LONDON (Reuters) - British commodities tycoon Sanjeev Gupta will merge his family's steel operations by the end of the year into a new entity, the Liberty Steel Group, to be ready for a potential listing, he said on Tuesday.

Other companies in his family's privately-held GFG Alliance conglomerate will also be organised for possible IPOs in the future, he told Reuters in an interview.

"Whether it's the steel, aluminium or energy companies ... all the companies will be made ready in terms of governance, reporting and transparency, so they'll be ready in every way to go for a listing as and when they want to."

Currently the steel assets are held under GFG's Liberty House Group, but will be incorporated by the end of the year with a board of directors and consolidated accounts for its $15 billion of annual turnover.

"The merger will take place by the end of the year and we'll do a set of proforma numbers within Q1 next year," said Gupta, executive chairman of the GFG Alliance.

He said any potential listing could be in London or elsewhere.

Liberty Steel, with annual output of 18 million tonnes, would be the world's 17th largest steel producer, based on World Steel Association figures for 2018.

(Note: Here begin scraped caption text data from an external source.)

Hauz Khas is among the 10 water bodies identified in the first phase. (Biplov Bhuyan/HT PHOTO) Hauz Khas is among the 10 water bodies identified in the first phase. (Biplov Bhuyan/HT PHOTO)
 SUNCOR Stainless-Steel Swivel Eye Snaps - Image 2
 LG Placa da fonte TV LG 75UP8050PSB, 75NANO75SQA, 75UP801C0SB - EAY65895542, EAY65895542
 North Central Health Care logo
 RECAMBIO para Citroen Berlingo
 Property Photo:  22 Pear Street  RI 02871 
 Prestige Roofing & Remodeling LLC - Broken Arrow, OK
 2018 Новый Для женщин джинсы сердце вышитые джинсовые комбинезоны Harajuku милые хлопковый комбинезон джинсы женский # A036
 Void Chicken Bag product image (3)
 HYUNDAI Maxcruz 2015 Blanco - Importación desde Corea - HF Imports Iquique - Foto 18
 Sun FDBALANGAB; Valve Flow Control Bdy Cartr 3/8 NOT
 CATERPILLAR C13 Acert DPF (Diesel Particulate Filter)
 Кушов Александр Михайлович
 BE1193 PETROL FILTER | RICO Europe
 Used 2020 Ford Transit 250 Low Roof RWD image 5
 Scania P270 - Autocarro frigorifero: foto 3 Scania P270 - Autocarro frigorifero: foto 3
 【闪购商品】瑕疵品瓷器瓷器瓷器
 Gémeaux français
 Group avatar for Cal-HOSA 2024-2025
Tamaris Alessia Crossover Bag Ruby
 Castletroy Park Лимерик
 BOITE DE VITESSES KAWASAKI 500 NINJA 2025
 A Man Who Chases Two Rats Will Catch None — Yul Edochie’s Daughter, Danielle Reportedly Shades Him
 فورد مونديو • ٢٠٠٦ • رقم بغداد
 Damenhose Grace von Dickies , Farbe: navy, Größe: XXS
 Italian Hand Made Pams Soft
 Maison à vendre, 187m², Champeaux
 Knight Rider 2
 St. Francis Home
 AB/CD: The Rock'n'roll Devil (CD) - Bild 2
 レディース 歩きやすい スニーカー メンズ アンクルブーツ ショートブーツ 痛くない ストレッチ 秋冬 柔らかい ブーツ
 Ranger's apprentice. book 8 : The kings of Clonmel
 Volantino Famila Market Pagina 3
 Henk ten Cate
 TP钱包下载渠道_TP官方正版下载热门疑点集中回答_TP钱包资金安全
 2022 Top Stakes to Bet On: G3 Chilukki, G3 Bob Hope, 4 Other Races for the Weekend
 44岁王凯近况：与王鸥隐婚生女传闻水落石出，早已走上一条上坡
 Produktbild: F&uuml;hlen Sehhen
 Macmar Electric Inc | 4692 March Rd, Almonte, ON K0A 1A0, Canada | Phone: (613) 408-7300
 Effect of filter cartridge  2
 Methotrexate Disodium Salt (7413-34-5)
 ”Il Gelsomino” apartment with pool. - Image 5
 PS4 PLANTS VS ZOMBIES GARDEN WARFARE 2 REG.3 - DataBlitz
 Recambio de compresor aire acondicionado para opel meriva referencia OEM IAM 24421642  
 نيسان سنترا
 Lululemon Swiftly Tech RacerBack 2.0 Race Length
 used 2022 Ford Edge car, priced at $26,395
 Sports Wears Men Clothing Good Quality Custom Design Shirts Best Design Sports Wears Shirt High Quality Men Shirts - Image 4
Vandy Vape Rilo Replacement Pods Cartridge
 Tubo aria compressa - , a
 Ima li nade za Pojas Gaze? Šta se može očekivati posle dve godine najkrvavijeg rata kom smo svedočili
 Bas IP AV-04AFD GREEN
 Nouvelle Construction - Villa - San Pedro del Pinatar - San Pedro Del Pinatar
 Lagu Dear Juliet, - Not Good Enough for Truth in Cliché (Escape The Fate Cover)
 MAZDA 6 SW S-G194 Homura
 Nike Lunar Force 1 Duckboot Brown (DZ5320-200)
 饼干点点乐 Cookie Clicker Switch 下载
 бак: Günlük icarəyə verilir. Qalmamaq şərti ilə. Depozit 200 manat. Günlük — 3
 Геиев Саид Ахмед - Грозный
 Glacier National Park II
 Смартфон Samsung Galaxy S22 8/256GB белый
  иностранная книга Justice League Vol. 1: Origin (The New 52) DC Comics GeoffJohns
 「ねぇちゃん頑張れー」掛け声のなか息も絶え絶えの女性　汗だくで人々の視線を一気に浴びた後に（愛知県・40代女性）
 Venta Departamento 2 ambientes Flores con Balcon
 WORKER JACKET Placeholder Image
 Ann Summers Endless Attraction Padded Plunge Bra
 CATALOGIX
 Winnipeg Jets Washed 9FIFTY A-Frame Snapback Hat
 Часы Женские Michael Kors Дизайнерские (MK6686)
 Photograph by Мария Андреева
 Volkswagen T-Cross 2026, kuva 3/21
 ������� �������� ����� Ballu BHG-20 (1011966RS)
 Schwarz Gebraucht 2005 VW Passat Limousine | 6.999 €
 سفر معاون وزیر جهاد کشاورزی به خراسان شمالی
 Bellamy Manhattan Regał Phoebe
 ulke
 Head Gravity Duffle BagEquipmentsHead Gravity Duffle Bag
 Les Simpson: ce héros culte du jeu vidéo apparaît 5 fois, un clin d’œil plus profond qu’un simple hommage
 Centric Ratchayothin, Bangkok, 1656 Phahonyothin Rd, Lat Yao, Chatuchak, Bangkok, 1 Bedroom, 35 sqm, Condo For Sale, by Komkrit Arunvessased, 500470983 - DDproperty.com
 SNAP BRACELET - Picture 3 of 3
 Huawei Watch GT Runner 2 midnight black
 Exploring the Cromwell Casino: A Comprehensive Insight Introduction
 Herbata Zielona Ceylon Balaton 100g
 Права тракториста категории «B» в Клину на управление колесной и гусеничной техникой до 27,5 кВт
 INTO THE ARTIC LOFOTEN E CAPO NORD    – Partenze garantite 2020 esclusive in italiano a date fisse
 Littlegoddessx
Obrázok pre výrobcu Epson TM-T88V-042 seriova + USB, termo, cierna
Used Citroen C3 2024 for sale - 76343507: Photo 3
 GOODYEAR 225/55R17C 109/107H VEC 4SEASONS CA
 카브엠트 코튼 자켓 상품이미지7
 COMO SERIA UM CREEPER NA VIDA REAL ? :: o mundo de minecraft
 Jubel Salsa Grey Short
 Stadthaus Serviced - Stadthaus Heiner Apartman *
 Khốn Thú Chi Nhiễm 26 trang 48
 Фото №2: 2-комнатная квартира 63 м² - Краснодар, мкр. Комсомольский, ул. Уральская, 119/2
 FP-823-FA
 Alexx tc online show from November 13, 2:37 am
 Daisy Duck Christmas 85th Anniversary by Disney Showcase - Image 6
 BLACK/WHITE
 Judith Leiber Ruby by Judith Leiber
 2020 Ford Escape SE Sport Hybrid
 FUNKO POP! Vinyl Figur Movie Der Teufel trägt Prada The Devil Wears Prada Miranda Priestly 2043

The new steel group, with operations in 10 countries and 30,000 employees, will also press ahead with a sustainable steel initiative, aiming to become carbon neutral by 2030, Gupta said.

Its so-called "GreenSteel" programme will partly focus on building more electric arc furnaces (EAF), which use less energy and are more efficient since they recycle scrap steel.

By expanding EAFs and using more renewable energy such as wind turbines to fuel its plants, Liberty should be able to move 70%-80% of the way to being carbon neutral, Gupta said.

Using hydrogen to make virgin steel is expected be the final piece of the puzzle, he added.

"Technically it's already been proven, you can make steel with hydrogen, the only question is the economic viability," Gupta said.

He expects hydrogen to follow a similar path to renewable energy, which has seen prices fall sharply in recent years and become more viable than many expected.

Gupta declined to comment on reports that his company was interested in bidding for Britain's second largest steelmaker British Steel, which went into liquidation on May 22.

A deal to save it from collapse was in jeopardy as exclusive negotiations with Turkey's military pension fund OYAK hit a deadline last week without an agreement.

GFG holdings had grown rapidly from its roots as a metals trader by spending billions of dollars buying up often troubled metals manufacturing facilities from the United States to Europe and Australia.